SMTOUR - Editorial

PROBLEM LINK:
Practice

Author: Jatin Yadav
Tester: tncks0121

DIFFICULTY:
Medium-Hard

PREREQUISITES:
Graph Theory

PROBLEM:

Define a beautiful walk in a directed graph as a walk that contains all the vertices atleast once and has \leq \frac{n^2}{4} edges. Given a directed graph G, find a beautiful walk in it or claim that no such walk exists.

EXPLANATION:

Define a covering walk as one that contains all vertices at least once.

Consider the SCC DAG (each strongly connected component condensed into a single vertex) for this directed graph.

In the topological ordering, there must be an edge from component i to component i + 1 for each i, otherwise one can not come back to i + 1 after they have left component i.

We claim that this condition is also sufficient for there to exist a beautiful walk.

First, say the graph was strongly connected. Consider a walk which first traverses its diameter and then visits each unvisited vertex one by one. Let d be the diameter. It takes d edges to traverse the diameter, and then \leq d edges each for the unvisited nodes. Since there are n - 1 - d unvisited vertices, the total number of edges in this walk is \leq d + (n - 1 - d)d = d(n - d) \leq \frac{n^2}{4}.

Let the walk found above be w_1, w_2, \ldots, w_l.

Now, say we had to find a covering walk in an SCC that starts at a given node s. We claim that this can be done in \leq \frac{(n + 1)^2}{4} - 1 edges. If there is a diameter starting at s, we can use that to find a walk with \leq \frac{n^2}{4} edges.
Else, there is a path from s to w_1 with < d edges. So, prepending this path to our walk w_1, \ldots w_l, we have the total length \leq d - 1 + d + (n - 1 - d)d = d(n + 1 - d) - 1 \leq \frac{(n+1)^2}{4} - 1 edges.

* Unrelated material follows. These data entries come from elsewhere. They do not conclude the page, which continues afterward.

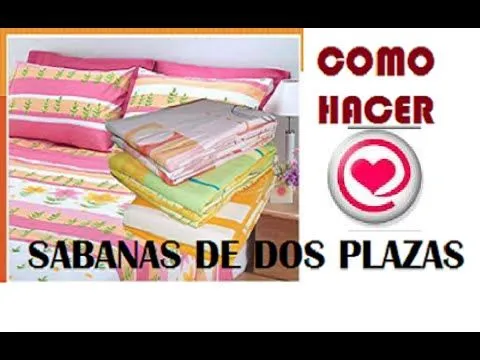 hacer sabanas | facilisimo.com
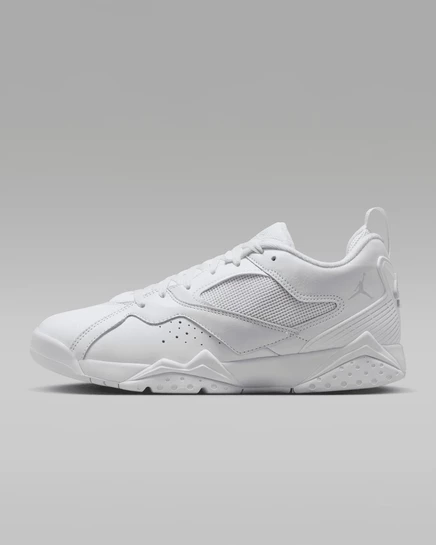 Детские кроссовки Jordan MVP 92, белые/платиновые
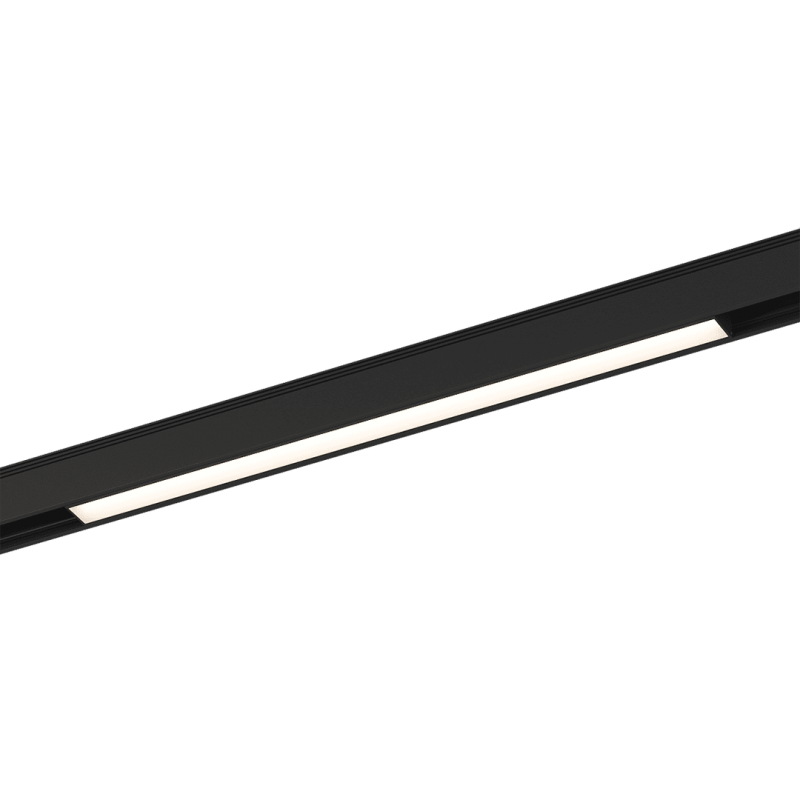 1LED потолочный светильник SY Черный 24Вт 4000 SY-601212-BL-24-N W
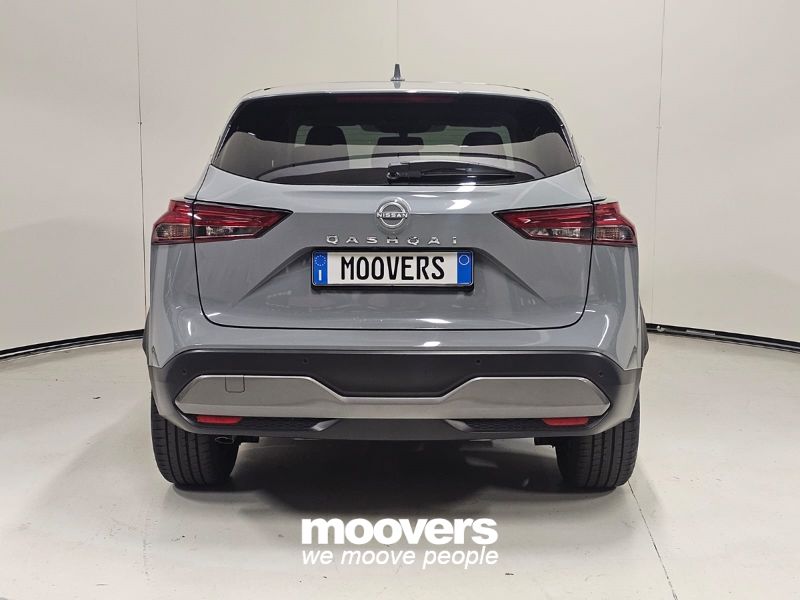 NISSAN Qashqai MHEV 140 CV N-Connecta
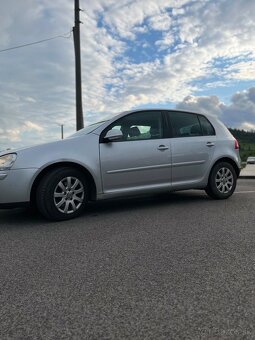 Golf 5 2.0tdi - 4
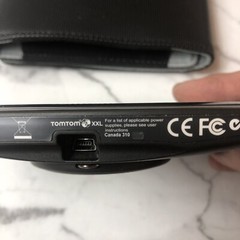 TomTom XXL 550-TM 5″ Portable GPS Navigator – FOR PARTS OR REPAIR ONLY – AS IS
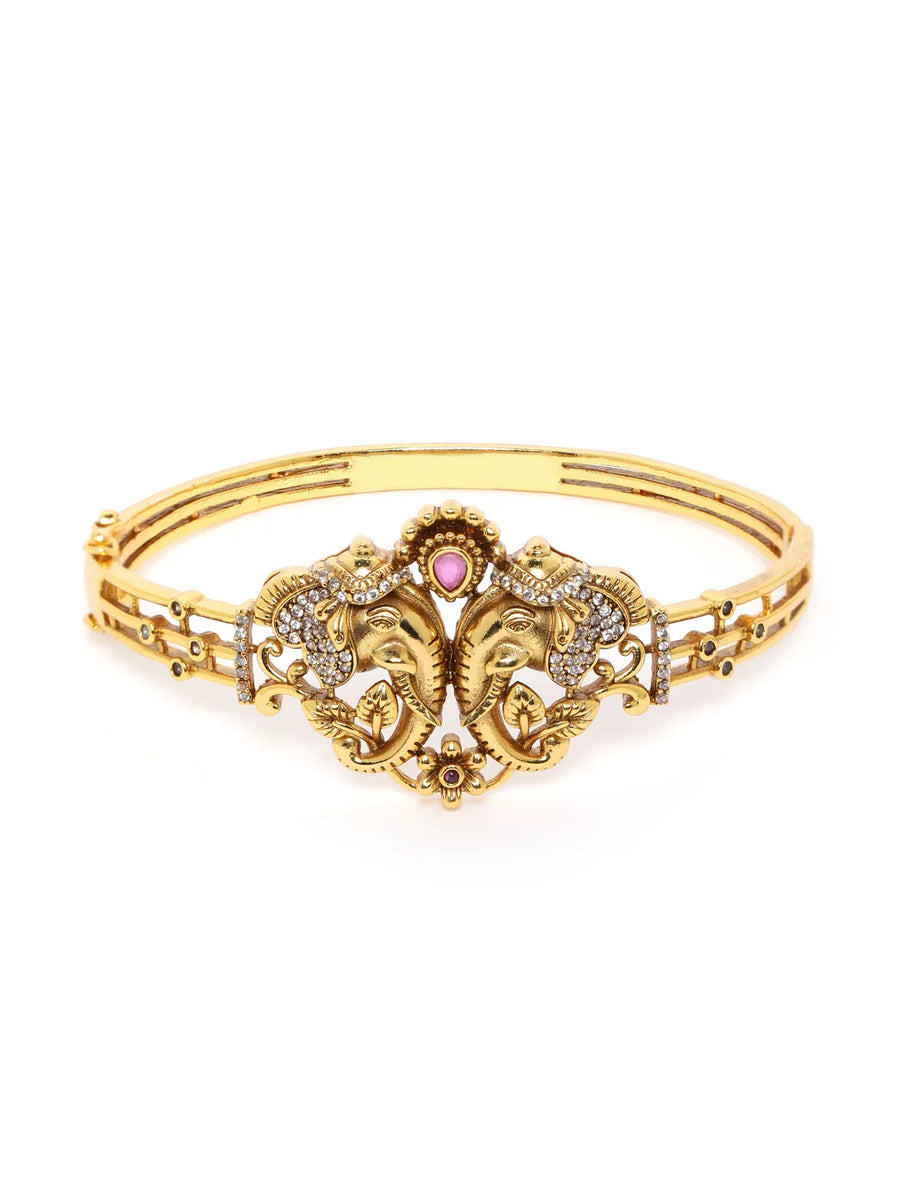 Studded Kadas – Elegant & Stylish Designs | Peora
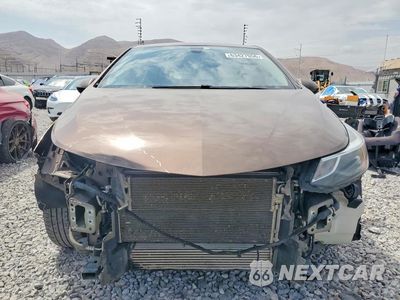 Piąte zdjęcie samochodu w środku: 2019 CHEVROLET CRUZE VIN:3G1BH6SE4KS569810 - miniatura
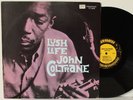 John Coltrane LP “Lush Life”   Prestige OJC 131   Mono   NM/VG++ Red Garland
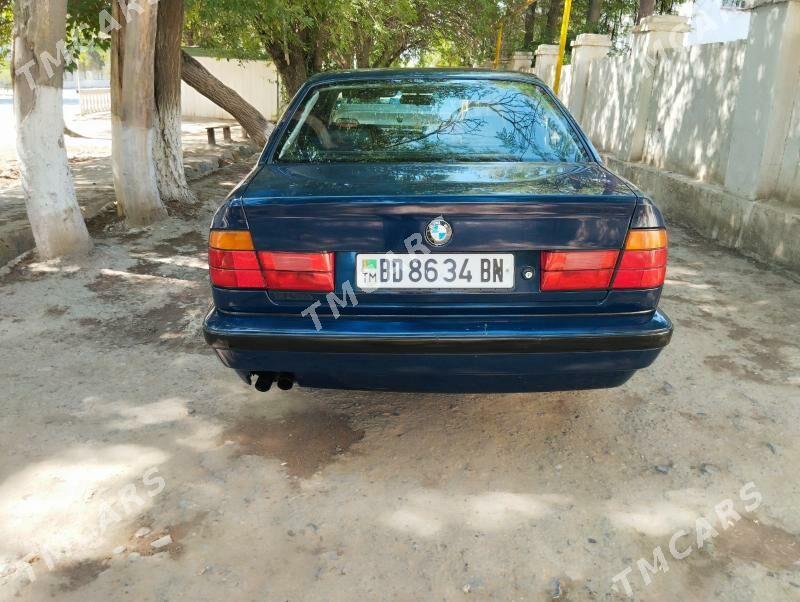 BMW 535 1988 - 65 000 TMT - Magtymguly - img 4
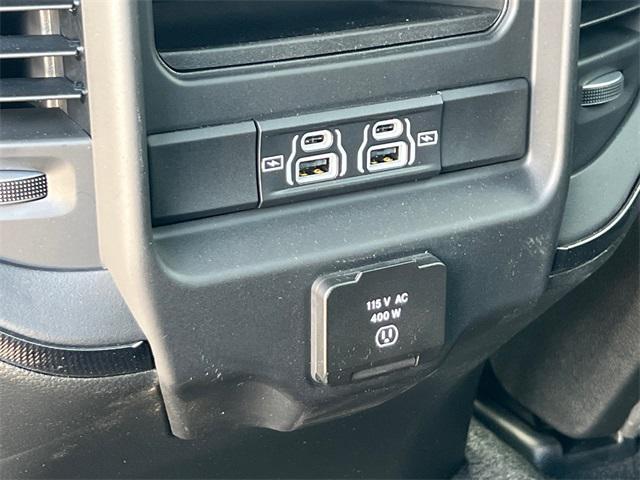 used 2025 Ram 1500 car, priced at $80,908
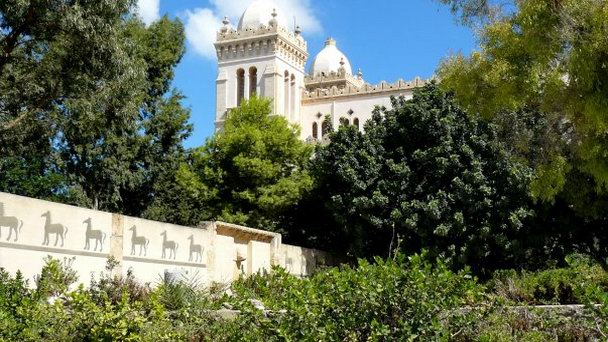 Национальный музей Карфагена в Гаммарте Национальный музей Карфагена в Гаммарте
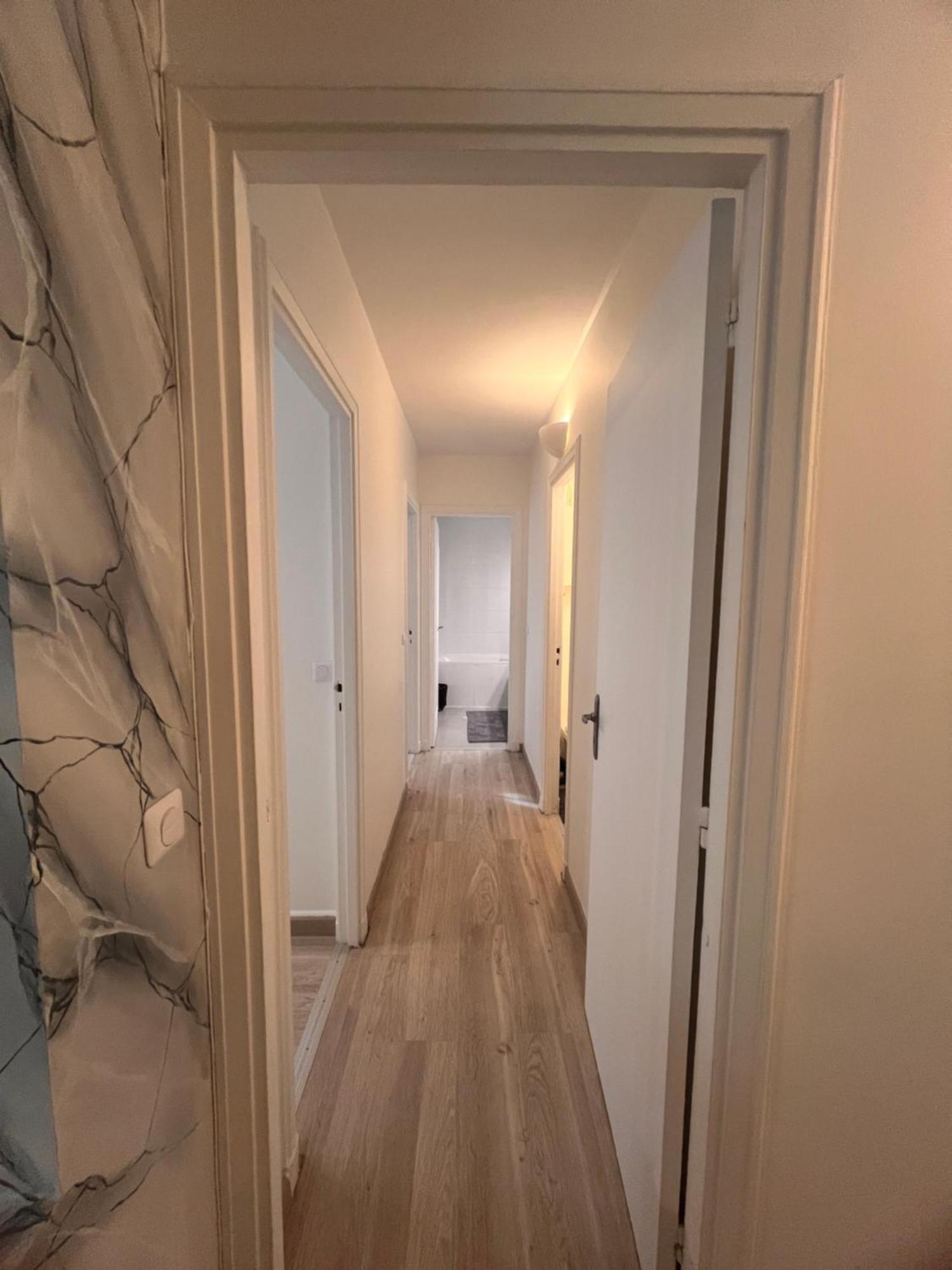 Appartement Grenelle - Hala
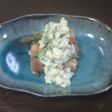 残り野菜でタルタルソース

Similarly, if we have to find a covering walk ending at a given node t, we can also do that in \leq \frac{(n + 1)^2}{4} - 1 edges.

If we have to find a covering walk starting at a given node s and ending at a given node t, we can do it in \leq \frac{(n+2)^2}{4} - 2 using a similar logic( Prepend s - w_1 walk and append w_l-t walk. If anyone of these has a length d, we can use that instead of original walk, else we have \leq 2(d-1) + d + (n-1-d)d \leq \frac{(n+2)^2}{4} - 2 edges).

Now, say we had k \geq 2 SCCs in the graph, in a chain, having sizes x_1, x_2, \ldots x_k.
Find any starting and ending nodes in the middle SCCs. Clearly, the first and the last SCC have a constraint on one end of the walk whereas the middle SCCs have a constraint on both endpoints. So, from the previous conclusions, our walk has a maximum of :

\dfrac{(x_1+1)^2}{4} - 1 + \dfrac{(x_k+1)^2}{4} - 1 + \displaystyle \sum_{i=2}^{k-1} \left ( \dfrac{(x_i + 2)^2}{4} - 2 \right ) + k - 1

edges.

We know that the sum of squares is maximized when the sum is concentrated around one variable. So, the worst possible cases we need to consider are x = (n - 1, 1) and x = (1, n - 2, 1). In both of these cases, the above value comes out to be exactly \lfloor \frac{n^2}{4} \rfloor.

The overall complexity is O(nm) as we do a bfs in every SCC from all of its nodes to find the required paths.